Frankenstein Is Alive and Well!

Oh, they don’t call it murder. To these mad scientists, it’s just “embryo research.”
By Wayne Jackson | Christian Courier

No narration available

In 1818, Mary W. Shelley authored a famous horror novel which detailed the exploits of a young medical student whose name was Victor Frankenstein. In the story, young Frankenstein created a “monster” from the parts of dead human bodies. It was only fiction. More horrible now is the fact that modern “Frankensteins,” subsidized by our tax dollars, and with the approval of some congressmen, are using parts from human beings, who, in most cases, have been murdered.

Oh, they don’t call it murder. To these mad scientists, it’s just “embryo research.”

Enter the picture: “stem-cell” study. Stem cells are basic biological building blocks. According to a recent Associated Press article, one type of cells, called pluripotent stem cells, have the ability to create any organ or any tissue.
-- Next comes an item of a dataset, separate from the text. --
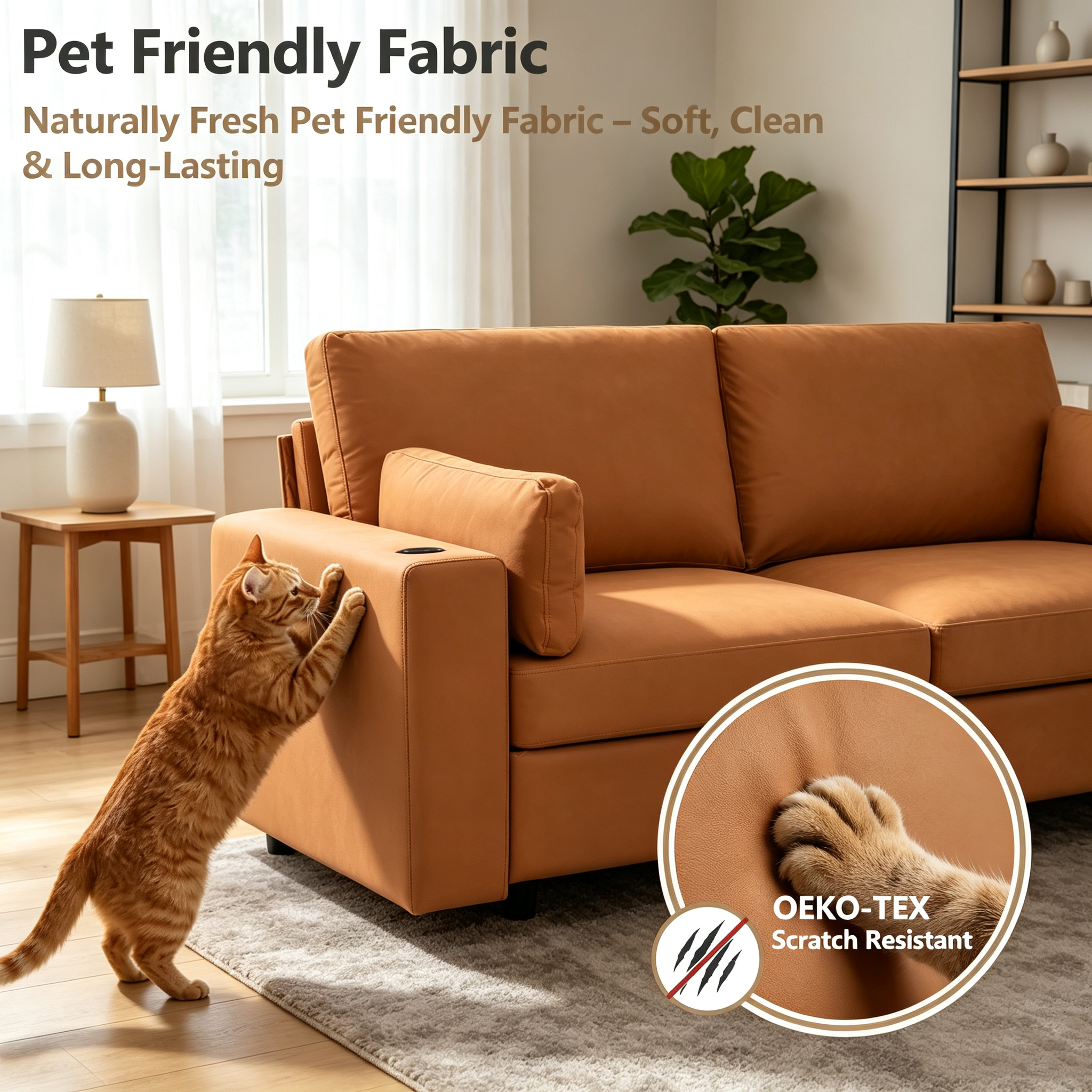 151" Oversized Modular U-Shaped Sectional Sofa with 2 Storage Ottomans, Deep Seat Faux Leather Couch, Scratch-Resistant Vegan Leather, Modern Living Room, Brown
Scientists suggest that by guiding the development of these cells, it might be possible eventually to replicate various body parts (including the replacement of damaged hearts), to treat brain disease and injury, and perhaps lead to the cure of diabetes.

Does this sound exciting? There is a catch. These stem cells are derived from human embryos and fetuses taken from fertility clinics and other abortion facilities.

Three years ago the federal government banned research using human embryos, but last week (February 23) Donna Shalala, secretary of Human Health Services—a member of the Clinton team and a graduate of what one writer has called the “U.S. Department of Parsing and Semantics”—stated that she believes federal law permits the study of cultured cells “even though the cells were originally obtained from human embryos” (The Record, February 24, 1999). In other words, the government will not fund actual embryo research, but once the cells are isolated from the sacrificed embryos, the government will support the cell research. Some have suggested that this is about like saying: “We are opposed to killing bears, but we fund the bear-rug industry.”

The basic problem is this: those involved in this experimentation do not believe they are using the cells taken from human persons. They do not believe that the termination of “embryos” and “fetuses” is homicide. Human life per se is not sacred to them. In the infamous Roe v. Wade decision, the Supreme Court suggested that a growing embryo does not become a person until it reaches “viability,” i.e., the potential point at which it is able to live outside the mother’s womb, albeit with artificial aid.

This criterion for “personhood” is both arbitrary and artificial. A one-year-old baby is no more “viable,” i.e., able to survive outside his mother’s body without assistance, than is a one-month-old “embryo” that has been removed from his mother’s body.

How semantically manipulative we have become. “Embryo” is the term used for describing a human in the earliest phases of development; the word “fetus” is employed to depict the child in the later stages of development—usually after the second month. These technical terms allow scientists to avoid using the emotional B-word. But a baby, by any other name, is still a baby. Is a “boy” any less human than a “man,” simply because different words are used to reflect different stages of maturity?

The fact of the matter is, from the moment of conception a new human being has begun life’s journey. Note the following quotation from the TIME-Rand McNally publication, Atlas of the Human Body.

In human beings, a male gamete, or spermatozoon, unites with a female gamete, or ovum, at the moment of conception, following the sexual act. From the zygote develops an embryo, from the embryo a fetus, and after some nine months a baby is born, helpless at first, but soon to develop all the physical and mental facilities of an independent, new member of the species. . . The mother . . . must protect and nourish the child within her through the long months of pregnancy (1980, 139; emphasis added).

Once conception occurs, all of the genetic information constituting the human person is present. Nothing will be added subsequently save nourishment and oxygen. The organism is a human person! Several years ago The Reader’s Digest Association published a book titled, ABC’s of the Human Body. Therein it is stated:

Whether you will have brown eyes or blue, be short or tall, be male or female—all these attributes and more are determined in the momentous instant of conception."

Then note this:

At about eight weeks of age, a baby graduates from embryo to fetus. This name change signifies a change in the baby’s development (1987, 288; emphasis added).

To destroy a child that is growing within his mother’s body is a crime against a fellow human being. It is also a sin against the God in whose image that child is made (cf. Genesis 9:6). To then use the parts of those tiny corpses for medical research is analogous to killing a man, removing his heart, and passing it along to someone else for a transplant! During World War II, after the Nazis had executed millions of Jews, they made lamp shades from their skins. Were those involved in making those hideous shades somehow less culpable?

What has become of our nation’s conscience?

Sources
  • ABC’s of the Human Body. 1987. Pleasantville, NY: The Reader’s Digest Association.
  • Atlas of the Human Body. 1980. New York, NY: Rand McNally.
  • The Record, February 24, 1999, section A5.